(Stored items)
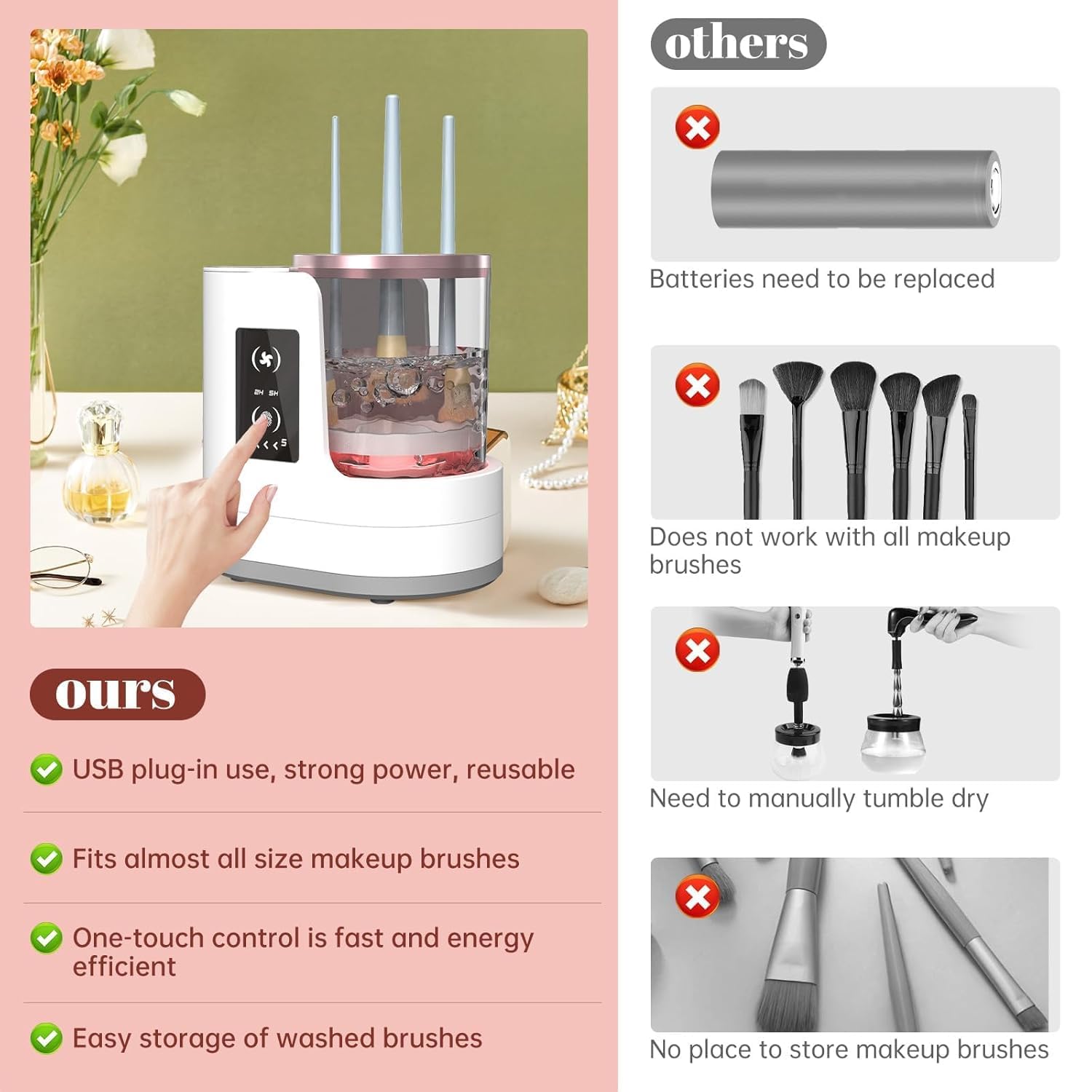 Automatic Rotating Makeup Brus - Beauty Makeup Brands 评论和价格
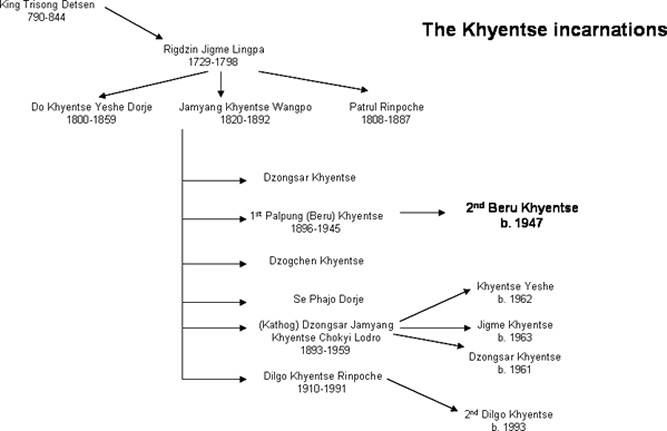 Khyentse inkarnációk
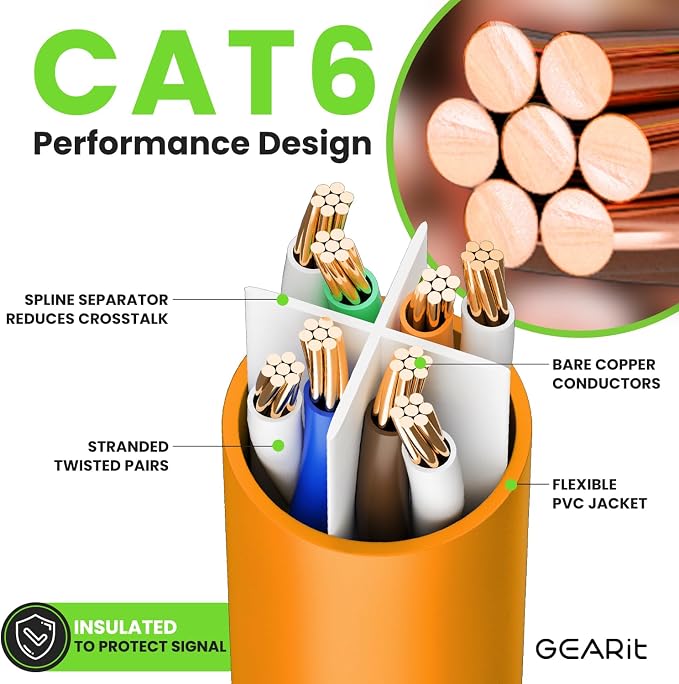 GearIT Cat 6 Ethernet Cable Cat6 Network Patch, Snagless Cord, Internet - Image 3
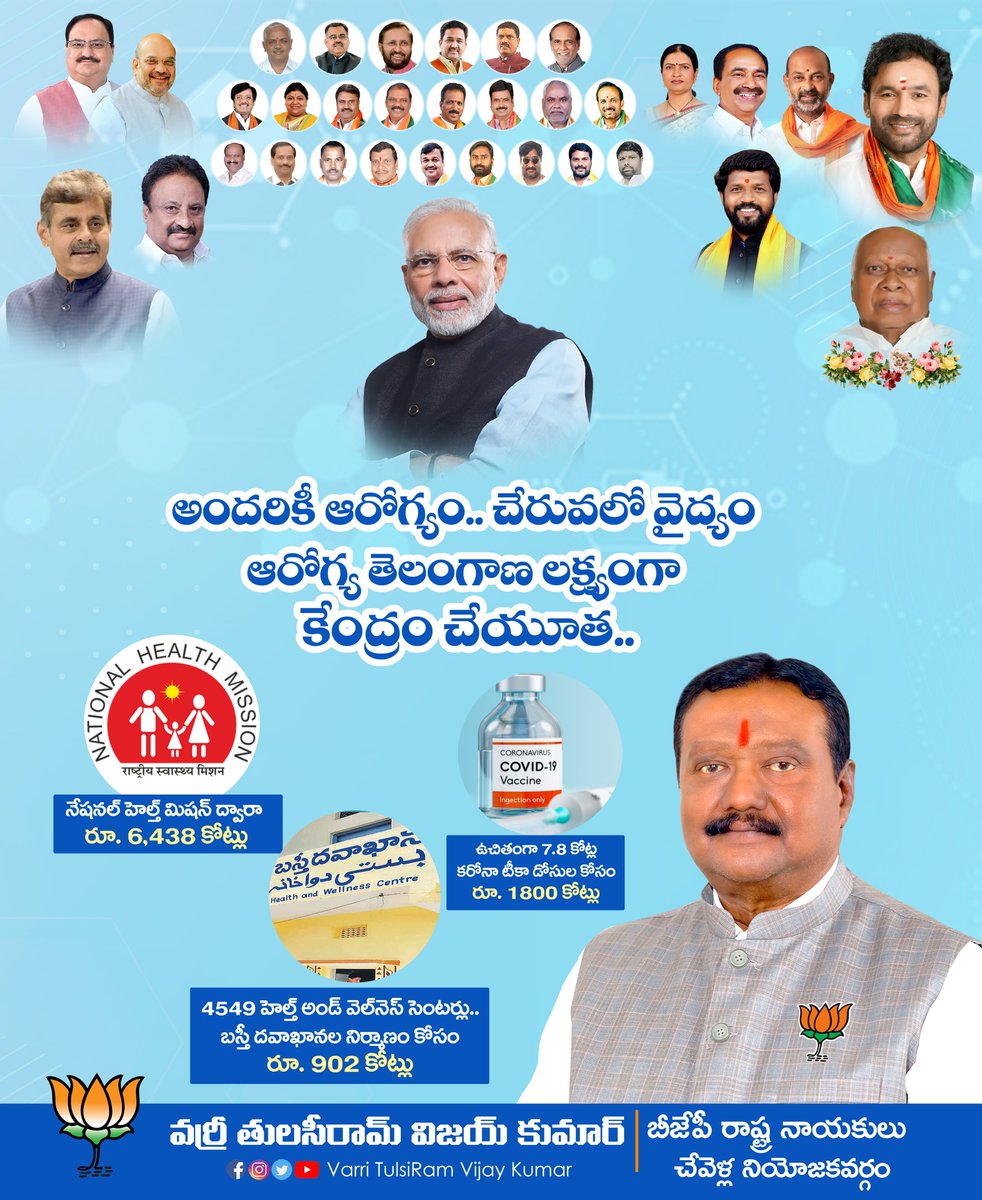 TulsiramVarri's tweet photo. కేంద్ర ప్రభుత్వం ఉదారంగా కేటాయింపులతో ఆరోగ్య శాఖకు నిధుల వరద. ఆరోగ్య తెలంగాణ లక్ష్యంగా కేంద్ర ప్రభుత్వం చేయూతనిస్తోంది.

#TelanganaWithBJP https://t.co/8S0nndLFgQ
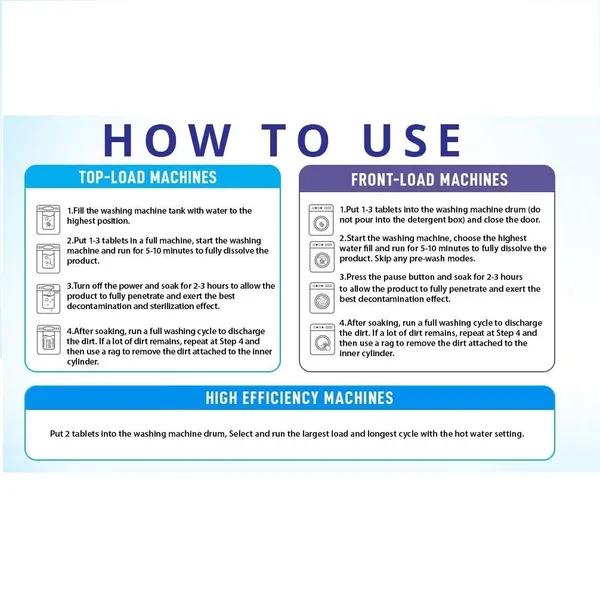 Washing_Machine_Cleaner_Descaler_-_Deep_Cleaning_Tablets_For_HE_Front_Loader_&_Top_Load_Washer,_Clean_Inside_Drum_And_Laundry_Tub_Seal_(Washing_Machine_Cleaner_(_Pack_of_20)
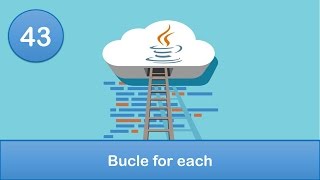 43. Programación en Java || Arreglos || Bucle for each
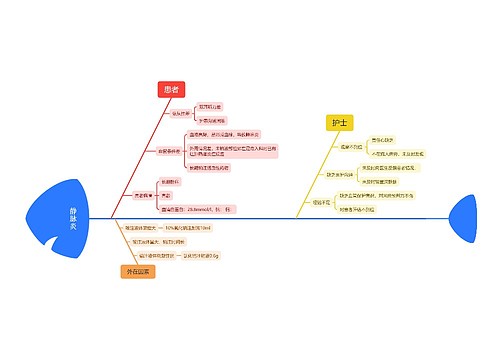 静脉炎医疗知识脑图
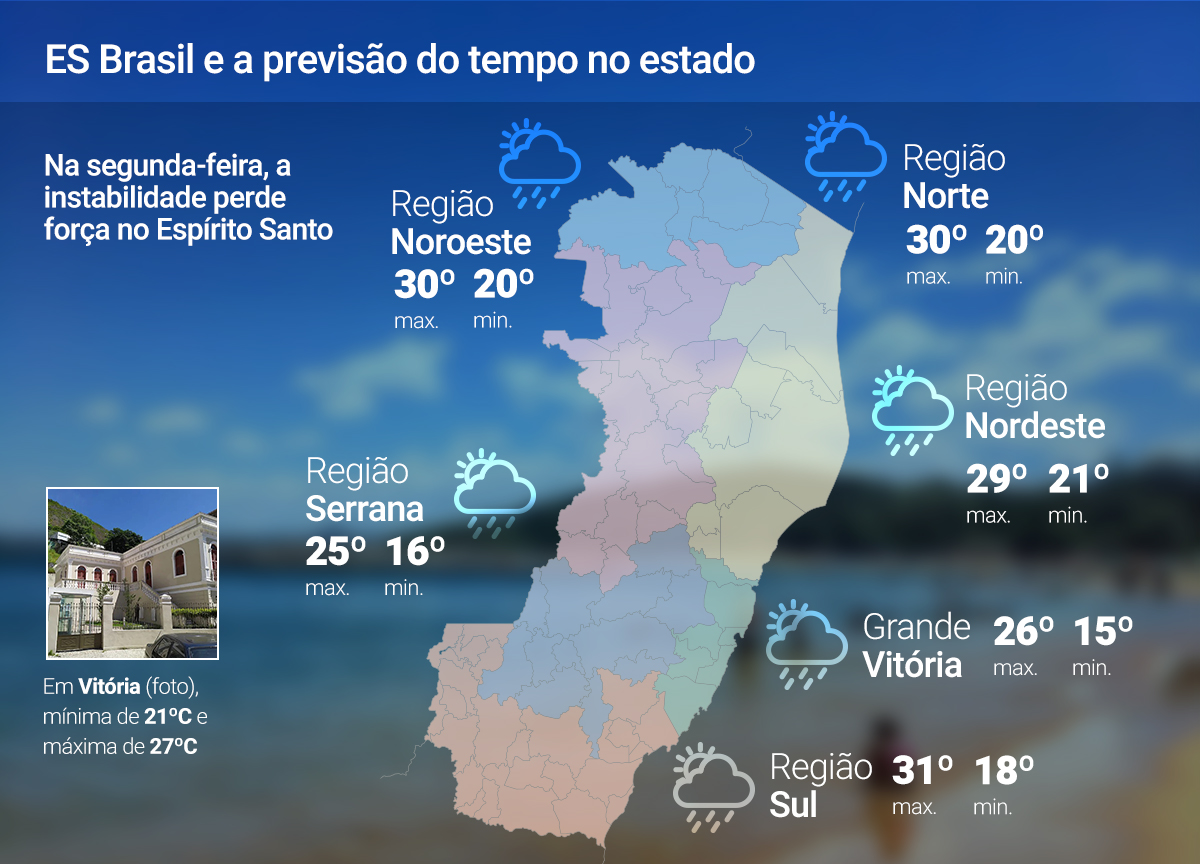 6 de outubro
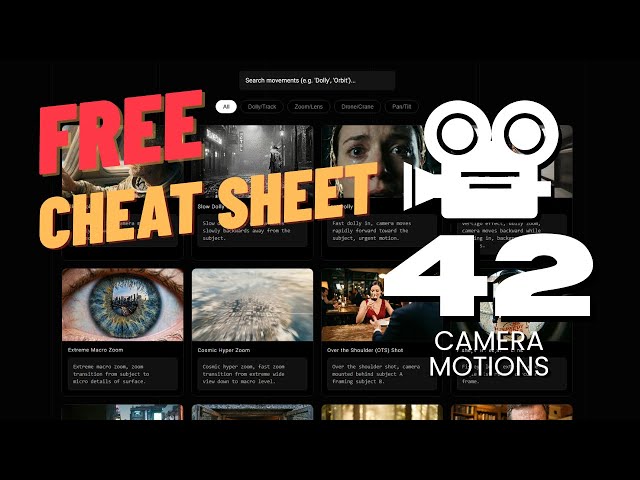 Free Cheat Sheet for Cinematic AI Prompts (42 Camera Movements)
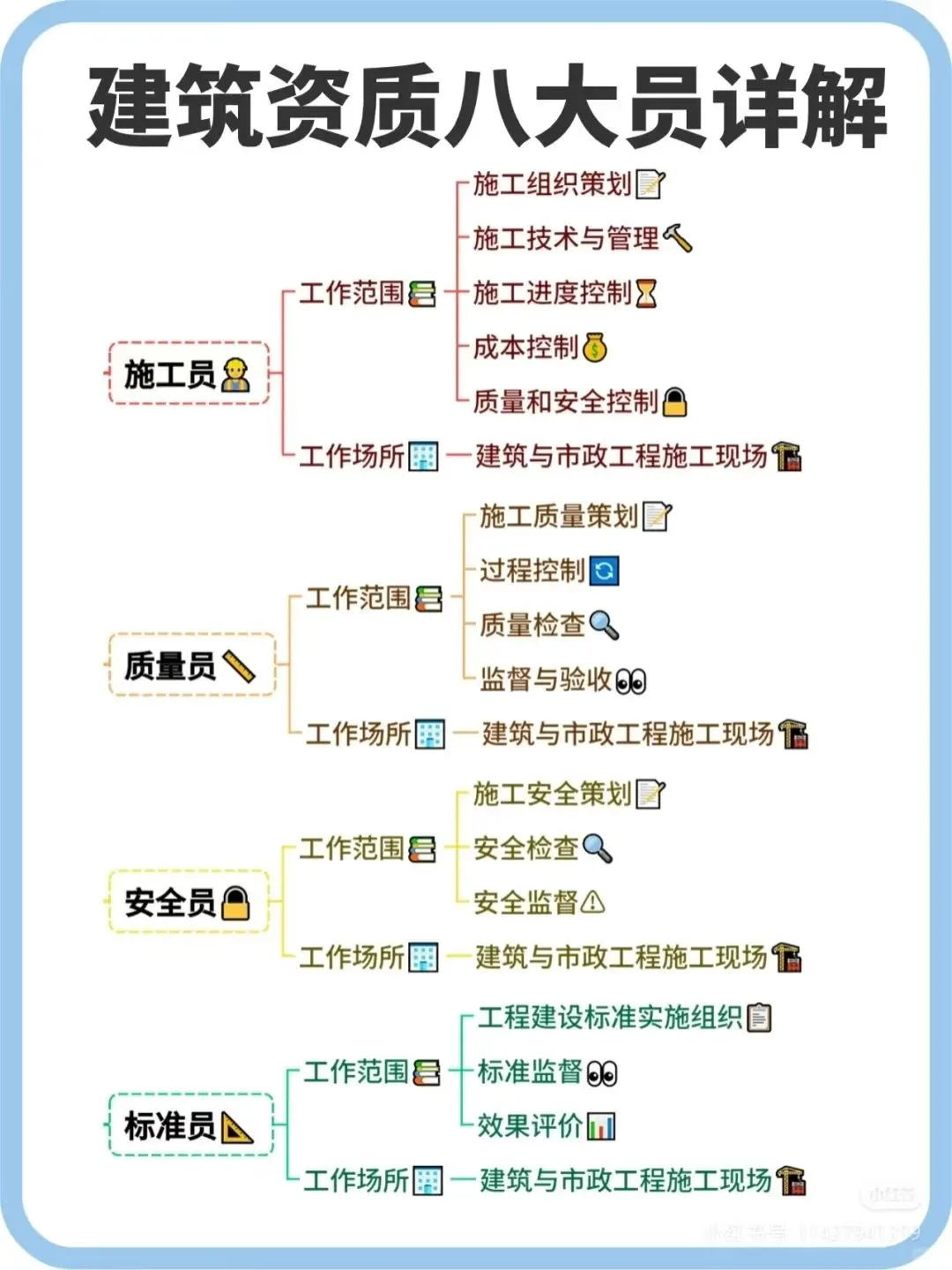 施工现场八大员！助您一次上岸！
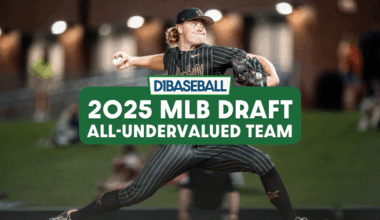 Most undervalued prospects to watch • D1Baseball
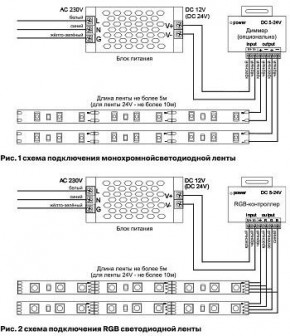 Лента светодиодная Maytoni Led strip 10114 в Нижнем Тагиле - nizhniy-tagil.ok-mebel.com | фото 3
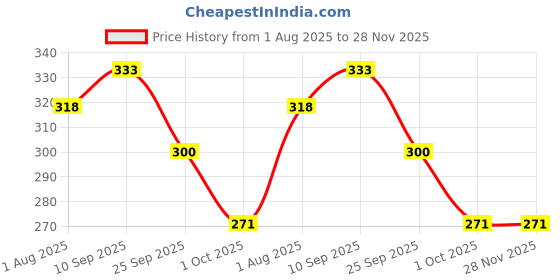 firstcry.com Funcart Light Blue Polka Dot Balloons - Pack of 50 funcart Price History Graph from 1 Aug 2025 to 28 Nov 2025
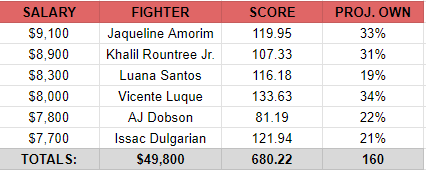 UFC Vegas 78 Sharpest SE Pivots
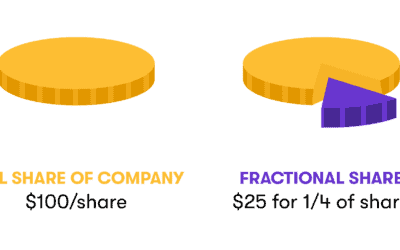 Beginnen met beleggen kennis 5 Fractionele aandelen kopen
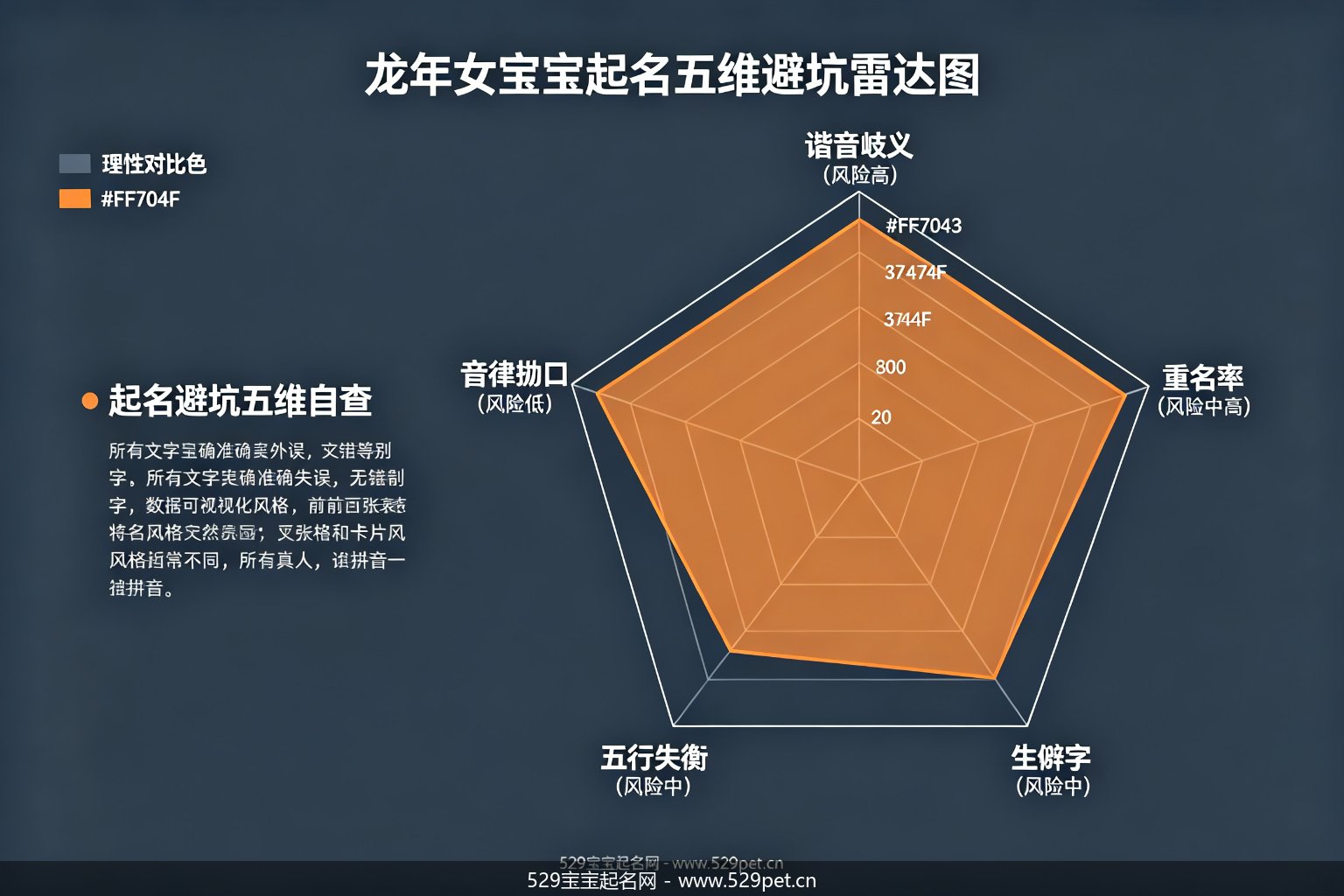 龙年女宝宝起名五维避坑雷达图,包含谐音歧义重名率生僻字五行失衡音律拗口五个方面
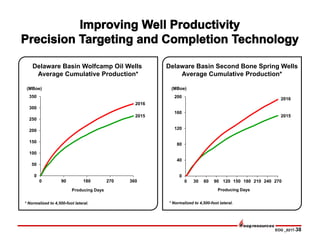 EOG _0217-38
0
50
100
150
200
250
300
350
0 90 180 270 360
Delaware Basin Second Bone Spring Wells
Average Cumulative Production*
Delaware Basin Wolfcamp Oil Wells
Average Cumulative Production*
(MBoe)
Producing Days
* Normalized to 4,500-foot lateral.
2015
0
40
80
120
160
200
0 30 60 90 120 150 180 210 240 270
Producing Days
(MBoe)
2015
2016
2016
* Normalized to 4,500-foot lateral.
 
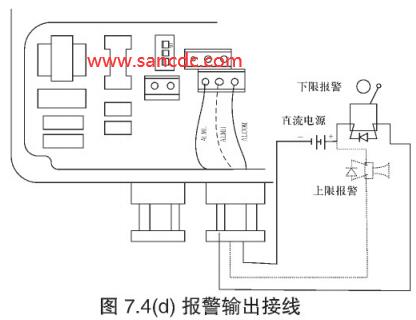 报警输出接线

Your instructions:
Your task is to return every entry exactly as it was written, with the pictures removed.

Solution to this exercise:
 Automatic Rotating Makeup Brus - Beauty Makeup Brands 评论和价格
 Khyentse inkarnációk
 GearIT Cat 6 Ethernet Cable Cat6 Network Patch, Snagless Cord, Internet - Image 3
 TulsiramVarri's tweet photo. కేంద్ర ప్రభుత్వం ఉదారంగా కేటాయింపులతో ఆరోగ్య శాఖకు నిధుల వరద. ఆరోగ్య తెలంగాణ లక్ష్యంగా కేంద్ర ప్రభుత్వం చేయూతనిస్తోంది.

#TelanganaWithBJP https://t.co/8S0nndLFgQ
 Washing_Machine_Cleaner_Descaler_-_Deep_Cleaning_Tablets_For_HE_Front_Loader_&_Top_Load_Washer,_Clean_Inside_Drum_And_Laundry_Tub_Seal_(Washing_Machine_Cleaner_(_Pack_of_20)
 43. Programación en Java || Arreglos || Bucle for each
 静脉炎医疗知识脑图
 6 de outubro
 Free Cheat Sheet for Cinematic AI Prompts (42 Camera Movements)
 施工现场八大员！助您一次上岸！
 Most undervalued prospects to watch • D1Baseball
 Лента светодиодная Maytoni Led strip 10114 в Нижнем Тагиле - nizhniy-tagil.ok-mebel.com | фото 3
 firstcry.com Funcart Light Blue Polka Dot Balloons - Pack of 50 funcart Price History Graph from 1 Aug 2025 to 28 Nov 2025
 UFC Vegas 78 Sharpest SE Pivots
 Beginnen met beleggen kennis 5 Fractionele aandelen kopen
 龙年女宝宝起名五维避坑雷达图,包含谐音歧义重名率生僻字五行失衡音律拗口五个方面
 EOG _0217-38
0
50
100
150
200
250
300
350
0 90 180 270 360
Delaware Basin Second Bone Spring Wells
Average Cumulative Production*
Delaware Basin Wolfcamp Oil Wells
Average Cumulative Production*
(MBoe)
Producing Days
* Normalized to 4,500-foot lateral.
2015
0
40
80
120
160
200
0 30 60 90 120 150 180 210 240 270
Producing Days
(MBoe)
2015
2016
2016
* Normalized to 4,500-foot lateral.
 
 报警输出接线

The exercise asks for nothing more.